Sound Transit is required to replace or mitigate the loss of park and ride spaces that are displaced by the station and construction.  This motion integrates that replacement with the long range vision for Northgate, including the development of transit oriented development on the park and ride lots.

The motion, which was approved unanimously by the Board, provides that Sound Transit will:

  • Create a Northgate access improvement study to identify potential additional pedestrian and bike access improvements needed to enhance access to the current Transit Center and future Northgate Station inter-modal transit facility.
  • Commit to fund 25% of the cost of the pedestrian/bicycle bridge across I-5 up to a maximum of $5 million. The City of Seattle will match Sound Transit’s $5 million contribution towards the I-5 pedestrian/bicycle bridge costs.  The City will also seek other funding partners to secure full funding to complete design and construction of the bridge (total cost approximately $20 million).  If a full funding agreement for the implementation of the I-5 pedestrian/bicycle bridge cannot be completed by July 2015, the Sound Transit Board will reallocate any unspent bridge funds to other priority pedestrian/bicycle projects identified through the connectivity and access study processes.
  • Commit to match up to $5 million in City investments in pedestrian/bicycle facilities in and around Northgate Station consistent with the improvements identified and recommended by the access study.
  • Limit investment in park-and-ride facilities to a new parking garage that accommodates 450 Park and Ride stalls, preferably in shared use.  The 450 stalls and any additional stalls funded by private investment may be used to replace parking now provided at the King County owned park and ride surface lot currently east of the proposed station to allow that lot to be made available for transit oriented development that will bring ridership to North Link and support the added vitality of the Northgate Urban Center.
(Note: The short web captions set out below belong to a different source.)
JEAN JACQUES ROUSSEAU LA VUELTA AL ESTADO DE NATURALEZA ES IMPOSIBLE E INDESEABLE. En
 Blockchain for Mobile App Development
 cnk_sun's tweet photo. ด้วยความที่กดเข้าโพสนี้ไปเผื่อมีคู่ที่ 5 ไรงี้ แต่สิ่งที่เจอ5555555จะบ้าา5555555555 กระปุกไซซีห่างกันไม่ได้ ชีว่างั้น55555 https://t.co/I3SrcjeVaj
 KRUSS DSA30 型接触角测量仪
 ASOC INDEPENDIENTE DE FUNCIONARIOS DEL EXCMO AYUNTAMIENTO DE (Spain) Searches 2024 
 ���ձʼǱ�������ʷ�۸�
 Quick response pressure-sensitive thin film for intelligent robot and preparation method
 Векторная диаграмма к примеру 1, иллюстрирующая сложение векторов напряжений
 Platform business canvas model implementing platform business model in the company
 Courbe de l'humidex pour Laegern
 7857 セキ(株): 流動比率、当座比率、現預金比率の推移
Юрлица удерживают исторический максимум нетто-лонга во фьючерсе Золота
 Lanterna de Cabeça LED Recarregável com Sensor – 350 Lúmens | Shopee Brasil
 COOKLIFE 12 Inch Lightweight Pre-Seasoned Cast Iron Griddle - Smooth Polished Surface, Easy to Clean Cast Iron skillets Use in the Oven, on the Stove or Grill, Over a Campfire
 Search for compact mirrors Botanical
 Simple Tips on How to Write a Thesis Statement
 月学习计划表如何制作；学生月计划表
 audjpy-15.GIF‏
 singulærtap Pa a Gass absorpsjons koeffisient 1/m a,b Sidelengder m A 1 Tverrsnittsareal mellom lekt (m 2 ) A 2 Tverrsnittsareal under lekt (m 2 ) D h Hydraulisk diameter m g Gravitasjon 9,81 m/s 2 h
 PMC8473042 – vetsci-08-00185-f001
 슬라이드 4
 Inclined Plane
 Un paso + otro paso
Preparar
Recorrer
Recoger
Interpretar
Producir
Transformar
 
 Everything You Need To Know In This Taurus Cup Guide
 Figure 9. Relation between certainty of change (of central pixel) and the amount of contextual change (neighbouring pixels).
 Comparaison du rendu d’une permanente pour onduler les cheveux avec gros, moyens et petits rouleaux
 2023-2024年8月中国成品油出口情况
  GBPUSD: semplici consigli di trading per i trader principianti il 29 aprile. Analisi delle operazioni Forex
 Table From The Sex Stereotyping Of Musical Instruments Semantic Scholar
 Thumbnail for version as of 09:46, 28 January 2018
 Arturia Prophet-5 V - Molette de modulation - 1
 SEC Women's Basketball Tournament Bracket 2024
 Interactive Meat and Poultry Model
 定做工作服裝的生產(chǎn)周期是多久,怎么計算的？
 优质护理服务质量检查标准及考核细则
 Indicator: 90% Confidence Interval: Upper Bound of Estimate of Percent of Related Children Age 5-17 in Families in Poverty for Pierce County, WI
I am very pleased that Sound Transit and the City have worked out a practical plan that integrates transit oriented development with multiple modes of access to the light rail station.  This positions Northgate to take the next steps towards realizing the vision of the neighborhood and the City.  That vision of becoming and urban center is embodied in the Northgate Area Comprehensive Plan, and this is a major step towards implementation of that plan.